INFORMATION SHOWN
+--
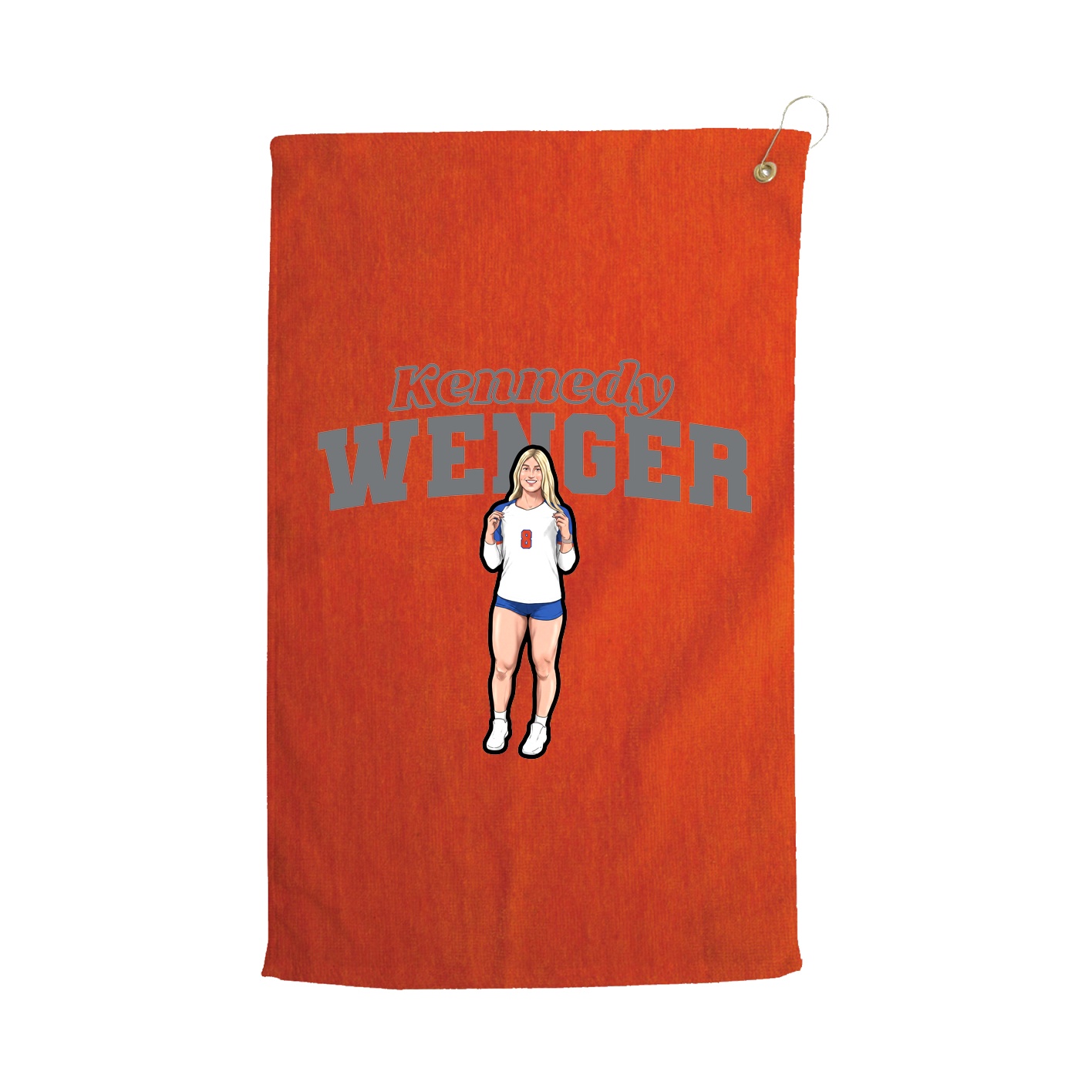 Golf Towel — Name Arch in Orange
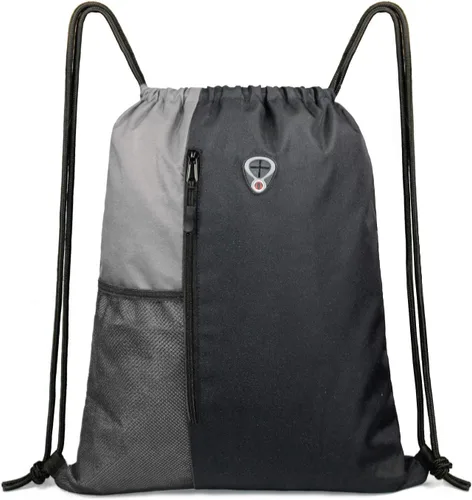 Mochila con cordón, con estilo deportivo, bolsa de gimnasio para mujeres, hombres y niños, bolsa de gran tamaño con zíper y bolsillos de malla para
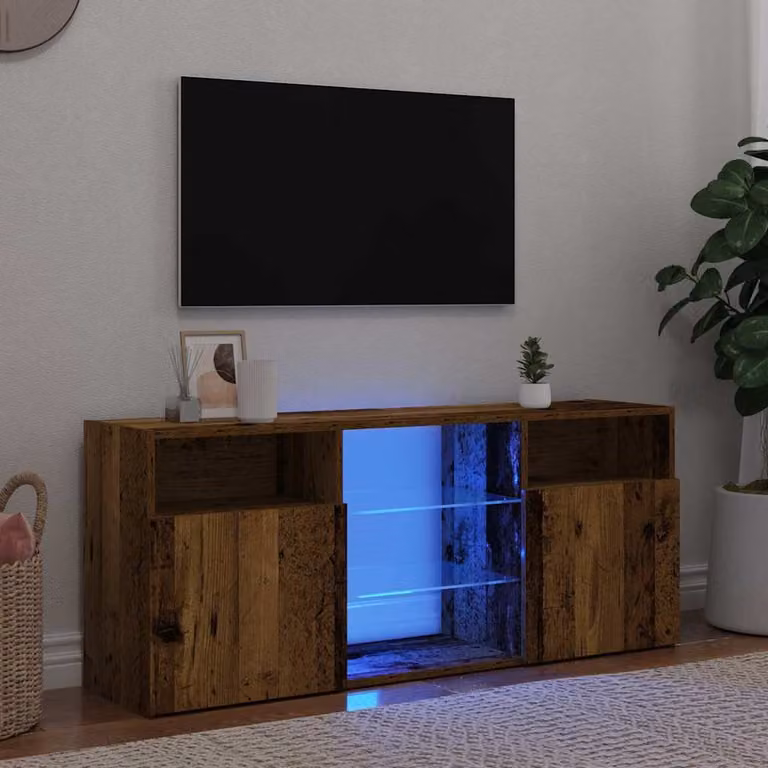 Mobile Porta TV vidaXL con LED in Legno Antico Marrone L: 120 cm, P: 30 cm, H: 50 cm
+--
Quote, please, only the lines running from the one with "Mochila con cordón, con" down to the final line of the data above, keeping both ends and skipping the pictures.

REPLY
 Mochila con cordón, con estilo deportivo, bolsa de gimnasio para mujeres, hombres y niños, bolsa de gran tamaño con zíper y bolsillos de malla para
 Mobile Porta TV vidaXL con LED in Legno Antico Marrone L: 120 cm, P: 30 cm, H: 50 cm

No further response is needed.